## Your task
Your output should be everything below from the line containing "There are three" down to the line containing "Page 52, B: Listen", both ends included, copied exactly, with pictures left out.

## Source material
Start of Block
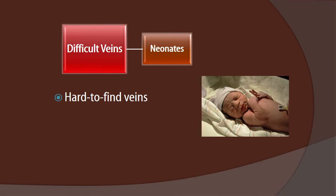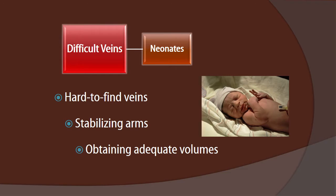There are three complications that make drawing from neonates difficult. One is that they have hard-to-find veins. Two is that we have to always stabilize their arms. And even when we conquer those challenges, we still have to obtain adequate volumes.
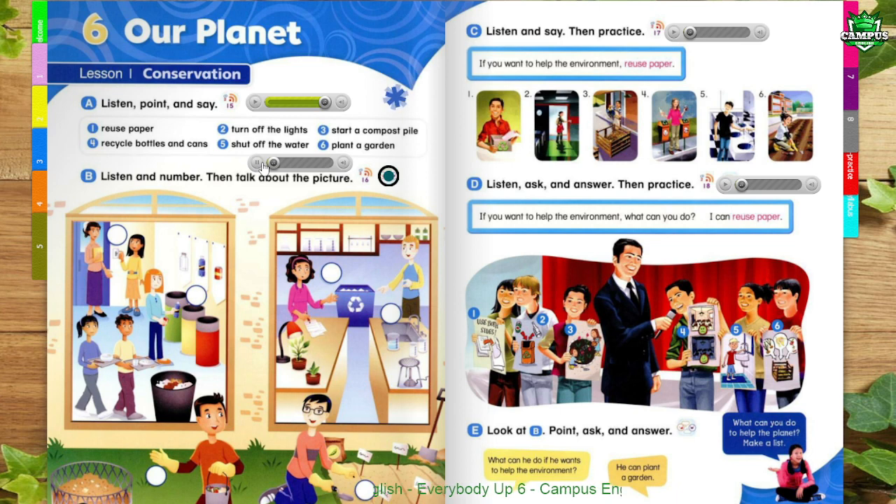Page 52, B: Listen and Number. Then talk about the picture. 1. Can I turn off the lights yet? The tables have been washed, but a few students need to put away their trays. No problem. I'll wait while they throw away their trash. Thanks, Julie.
End of Block
Start of Block
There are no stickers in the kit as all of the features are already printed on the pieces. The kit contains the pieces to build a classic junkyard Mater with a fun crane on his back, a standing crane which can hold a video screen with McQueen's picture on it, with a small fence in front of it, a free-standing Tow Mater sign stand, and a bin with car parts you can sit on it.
End of Block
Start of Block
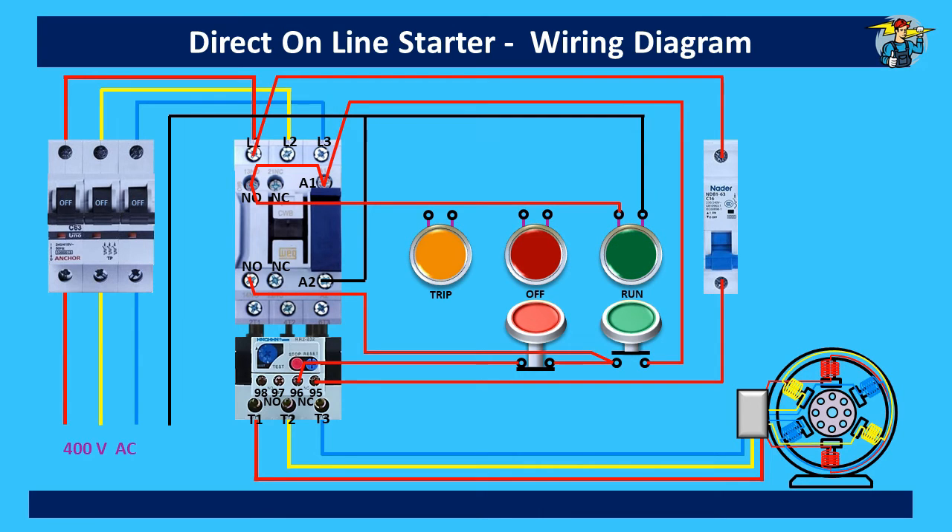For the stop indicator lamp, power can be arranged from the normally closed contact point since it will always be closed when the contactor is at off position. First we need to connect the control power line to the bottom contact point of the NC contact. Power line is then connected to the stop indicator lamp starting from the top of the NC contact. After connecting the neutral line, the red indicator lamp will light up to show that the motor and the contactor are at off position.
End of Block
## Your solution
There are three complications that make drawing from neonates difficult. One is that they have hard-to-find veins. Two is that we have to always stabilize their arms. And even when we conquer those challenges, we still have to obtain adequate volumes.
Page 52, B: Listen and Number. Then talk about the picture. 1. Can I turn off the lights yet? The tables have been washed, but a few students need to put away their trays. No problem. I'll wait while they throw away their trash. Thanks, Julie.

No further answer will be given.